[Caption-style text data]
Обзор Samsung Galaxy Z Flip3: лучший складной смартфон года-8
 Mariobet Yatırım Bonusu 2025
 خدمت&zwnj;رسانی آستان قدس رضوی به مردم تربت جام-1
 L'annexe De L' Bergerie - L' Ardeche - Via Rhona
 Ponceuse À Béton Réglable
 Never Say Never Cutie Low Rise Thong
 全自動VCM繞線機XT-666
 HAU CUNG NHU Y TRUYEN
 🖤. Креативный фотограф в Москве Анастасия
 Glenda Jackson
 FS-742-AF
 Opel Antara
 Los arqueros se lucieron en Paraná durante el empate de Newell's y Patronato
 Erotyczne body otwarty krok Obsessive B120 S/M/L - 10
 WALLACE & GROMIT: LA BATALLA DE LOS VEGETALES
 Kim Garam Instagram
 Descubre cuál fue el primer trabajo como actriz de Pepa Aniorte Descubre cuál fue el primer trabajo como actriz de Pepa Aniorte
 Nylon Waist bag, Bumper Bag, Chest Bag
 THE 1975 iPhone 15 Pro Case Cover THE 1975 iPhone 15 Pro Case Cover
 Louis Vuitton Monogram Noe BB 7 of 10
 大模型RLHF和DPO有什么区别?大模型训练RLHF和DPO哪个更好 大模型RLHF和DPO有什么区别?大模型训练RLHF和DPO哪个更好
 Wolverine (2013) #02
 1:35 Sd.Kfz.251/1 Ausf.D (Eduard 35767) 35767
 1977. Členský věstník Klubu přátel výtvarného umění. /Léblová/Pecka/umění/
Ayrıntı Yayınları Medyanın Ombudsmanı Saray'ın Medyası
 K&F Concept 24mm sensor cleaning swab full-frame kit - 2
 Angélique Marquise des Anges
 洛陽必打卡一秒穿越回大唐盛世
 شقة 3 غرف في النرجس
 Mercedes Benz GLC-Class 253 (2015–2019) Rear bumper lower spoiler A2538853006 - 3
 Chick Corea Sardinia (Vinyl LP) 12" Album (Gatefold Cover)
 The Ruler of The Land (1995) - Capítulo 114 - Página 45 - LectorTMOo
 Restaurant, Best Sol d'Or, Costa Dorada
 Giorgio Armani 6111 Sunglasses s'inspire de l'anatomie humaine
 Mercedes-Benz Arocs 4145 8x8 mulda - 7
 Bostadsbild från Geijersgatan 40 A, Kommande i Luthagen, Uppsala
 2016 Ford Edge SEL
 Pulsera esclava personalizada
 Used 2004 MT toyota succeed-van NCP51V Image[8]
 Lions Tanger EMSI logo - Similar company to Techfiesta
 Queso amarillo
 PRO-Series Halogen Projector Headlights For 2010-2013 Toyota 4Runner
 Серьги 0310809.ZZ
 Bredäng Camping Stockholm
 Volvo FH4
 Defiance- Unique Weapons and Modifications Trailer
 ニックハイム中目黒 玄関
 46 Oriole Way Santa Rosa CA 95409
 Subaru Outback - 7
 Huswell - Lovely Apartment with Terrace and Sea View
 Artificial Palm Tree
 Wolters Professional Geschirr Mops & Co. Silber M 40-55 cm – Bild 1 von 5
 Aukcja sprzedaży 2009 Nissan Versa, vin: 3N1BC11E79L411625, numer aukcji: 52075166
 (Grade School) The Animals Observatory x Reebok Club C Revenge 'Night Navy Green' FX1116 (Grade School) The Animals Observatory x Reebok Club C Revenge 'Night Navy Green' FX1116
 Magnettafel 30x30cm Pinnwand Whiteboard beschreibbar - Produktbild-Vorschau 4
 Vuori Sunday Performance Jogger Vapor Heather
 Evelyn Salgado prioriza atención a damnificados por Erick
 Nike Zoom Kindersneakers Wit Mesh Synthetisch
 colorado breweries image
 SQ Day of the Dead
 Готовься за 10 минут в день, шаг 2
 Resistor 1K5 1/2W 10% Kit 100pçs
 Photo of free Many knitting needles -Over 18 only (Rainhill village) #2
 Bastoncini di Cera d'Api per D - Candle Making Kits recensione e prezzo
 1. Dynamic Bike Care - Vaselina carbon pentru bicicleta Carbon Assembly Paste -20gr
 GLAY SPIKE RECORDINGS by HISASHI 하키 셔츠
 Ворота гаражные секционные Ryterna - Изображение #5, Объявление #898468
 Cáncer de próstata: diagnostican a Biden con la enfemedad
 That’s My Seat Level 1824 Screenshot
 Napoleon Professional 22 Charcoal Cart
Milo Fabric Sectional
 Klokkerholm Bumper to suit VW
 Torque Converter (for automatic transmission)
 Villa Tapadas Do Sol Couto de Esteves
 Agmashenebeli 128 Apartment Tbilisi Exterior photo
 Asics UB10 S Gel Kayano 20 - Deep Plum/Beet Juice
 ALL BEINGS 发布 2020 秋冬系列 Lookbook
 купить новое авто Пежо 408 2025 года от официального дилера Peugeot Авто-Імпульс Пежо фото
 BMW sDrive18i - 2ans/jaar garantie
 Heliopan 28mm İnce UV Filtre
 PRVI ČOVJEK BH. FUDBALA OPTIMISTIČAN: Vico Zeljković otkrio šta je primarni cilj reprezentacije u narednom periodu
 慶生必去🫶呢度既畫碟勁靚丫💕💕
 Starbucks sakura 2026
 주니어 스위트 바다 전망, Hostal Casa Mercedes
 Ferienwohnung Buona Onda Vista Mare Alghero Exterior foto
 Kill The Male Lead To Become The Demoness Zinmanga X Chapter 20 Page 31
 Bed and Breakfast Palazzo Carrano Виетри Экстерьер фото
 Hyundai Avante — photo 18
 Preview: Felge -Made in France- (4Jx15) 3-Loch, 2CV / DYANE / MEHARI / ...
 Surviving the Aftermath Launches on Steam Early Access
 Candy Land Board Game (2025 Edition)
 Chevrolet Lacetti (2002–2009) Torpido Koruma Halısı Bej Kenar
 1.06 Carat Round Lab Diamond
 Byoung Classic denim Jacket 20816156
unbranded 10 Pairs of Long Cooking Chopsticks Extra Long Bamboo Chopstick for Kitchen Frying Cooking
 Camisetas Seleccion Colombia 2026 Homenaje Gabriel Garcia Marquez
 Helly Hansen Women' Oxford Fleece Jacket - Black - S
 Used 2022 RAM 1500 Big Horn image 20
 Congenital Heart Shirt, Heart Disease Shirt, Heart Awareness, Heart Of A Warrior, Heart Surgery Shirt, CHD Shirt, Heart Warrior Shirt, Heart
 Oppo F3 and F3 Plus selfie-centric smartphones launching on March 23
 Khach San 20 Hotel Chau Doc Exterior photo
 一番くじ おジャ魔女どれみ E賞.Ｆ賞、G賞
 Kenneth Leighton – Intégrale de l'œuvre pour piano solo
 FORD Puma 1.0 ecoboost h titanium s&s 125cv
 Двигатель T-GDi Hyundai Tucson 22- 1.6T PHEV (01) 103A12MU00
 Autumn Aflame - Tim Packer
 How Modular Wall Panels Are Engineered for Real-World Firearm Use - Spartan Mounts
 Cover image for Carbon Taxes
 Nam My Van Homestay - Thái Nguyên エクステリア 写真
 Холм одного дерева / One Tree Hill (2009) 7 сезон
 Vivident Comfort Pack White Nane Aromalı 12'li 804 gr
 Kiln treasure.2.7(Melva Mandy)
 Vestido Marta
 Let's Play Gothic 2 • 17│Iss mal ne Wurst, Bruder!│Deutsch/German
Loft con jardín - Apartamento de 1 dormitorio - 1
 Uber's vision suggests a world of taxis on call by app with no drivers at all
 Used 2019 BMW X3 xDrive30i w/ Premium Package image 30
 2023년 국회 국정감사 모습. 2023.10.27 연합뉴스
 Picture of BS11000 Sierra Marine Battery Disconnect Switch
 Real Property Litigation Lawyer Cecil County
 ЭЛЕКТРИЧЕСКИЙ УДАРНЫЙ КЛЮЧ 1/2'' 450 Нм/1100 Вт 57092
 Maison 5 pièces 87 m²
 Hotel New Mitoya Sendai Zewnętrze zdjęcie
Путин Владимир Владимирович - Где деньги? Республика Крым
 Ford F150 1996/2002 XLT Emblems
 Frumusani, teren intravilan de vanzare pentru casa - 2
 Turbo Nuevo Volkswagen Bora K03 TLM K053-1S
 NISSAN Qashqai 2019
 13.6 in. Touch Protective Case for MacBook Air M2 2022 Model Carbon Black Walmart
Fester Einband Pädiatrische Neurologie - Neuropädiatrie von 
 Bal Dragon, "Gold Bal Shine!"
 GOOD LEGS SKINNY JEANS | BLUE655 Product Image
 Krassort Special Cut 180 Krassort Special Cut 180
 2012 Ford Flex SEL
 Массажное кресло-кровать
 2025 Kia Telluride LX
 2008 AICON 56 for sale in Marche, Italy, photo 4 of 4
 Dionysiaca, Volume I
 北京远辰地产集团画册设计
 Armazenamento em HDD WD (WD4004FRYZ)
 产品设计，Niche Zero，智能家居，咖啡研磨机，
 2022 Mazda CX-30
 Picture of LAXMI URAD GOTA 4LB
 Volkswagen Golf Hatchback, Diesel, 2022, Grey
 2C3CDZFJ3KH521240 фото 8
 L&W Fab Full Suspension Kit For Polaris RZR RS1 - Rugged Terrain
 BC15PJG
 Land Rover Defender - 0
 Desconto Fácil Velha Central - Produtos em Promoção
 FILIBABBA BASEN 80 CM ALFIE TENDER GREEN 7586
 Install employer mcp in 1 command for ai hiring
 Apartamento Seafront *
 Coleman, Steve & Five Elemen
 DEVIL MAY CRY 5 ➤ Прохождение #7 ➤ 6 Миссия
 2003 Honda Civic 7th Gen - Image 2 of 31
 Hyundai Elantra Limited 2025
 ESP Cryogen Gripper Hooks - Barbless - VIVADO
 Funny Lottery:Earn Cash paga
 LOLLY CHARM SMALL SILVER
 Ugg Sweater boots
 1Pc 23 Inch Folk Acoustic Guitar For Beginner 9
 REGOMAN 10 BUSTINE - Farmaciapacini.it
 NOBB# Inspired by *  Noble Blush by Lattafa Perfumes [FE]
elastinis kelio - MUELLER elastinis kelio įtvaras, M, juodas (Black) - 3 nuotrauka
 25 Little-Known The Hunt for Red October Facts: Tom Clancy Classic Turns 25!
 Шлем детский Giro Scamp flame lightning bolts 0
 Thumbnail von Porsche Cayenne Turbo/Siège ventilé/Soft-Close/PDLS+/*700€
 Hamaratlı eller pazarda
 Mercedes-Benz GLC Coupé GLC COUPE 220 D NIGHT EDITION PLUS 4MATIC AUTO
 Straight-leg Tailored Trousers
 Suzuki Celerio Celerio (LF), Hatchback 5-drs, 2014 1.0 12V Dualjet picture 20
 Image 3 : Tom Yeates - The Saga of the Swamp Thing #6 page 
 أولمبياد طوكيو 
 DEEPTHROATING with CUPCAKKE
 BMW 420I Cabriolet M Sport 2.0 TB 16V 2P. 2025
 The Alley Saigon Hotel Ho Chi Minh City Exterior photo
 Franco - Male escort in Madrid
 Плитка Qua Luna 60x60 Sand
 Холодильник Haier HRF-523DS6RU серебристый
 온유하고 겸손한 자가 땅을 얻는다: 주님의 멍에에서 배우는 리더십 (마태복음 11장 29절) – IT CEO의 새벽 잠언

→ **WHAT TO DO**
Your job is to copy out every line from the records above that has the word "Hotel".

→ **RESPONSE AREA**
 Khach San 20 Hotel Chau Doc Exterior photo
 Hotel New Mitoya Sendai Zewnętrze zdjęcie
 The Alley Saigon Hotel Ho Chi Minh City Exterior photo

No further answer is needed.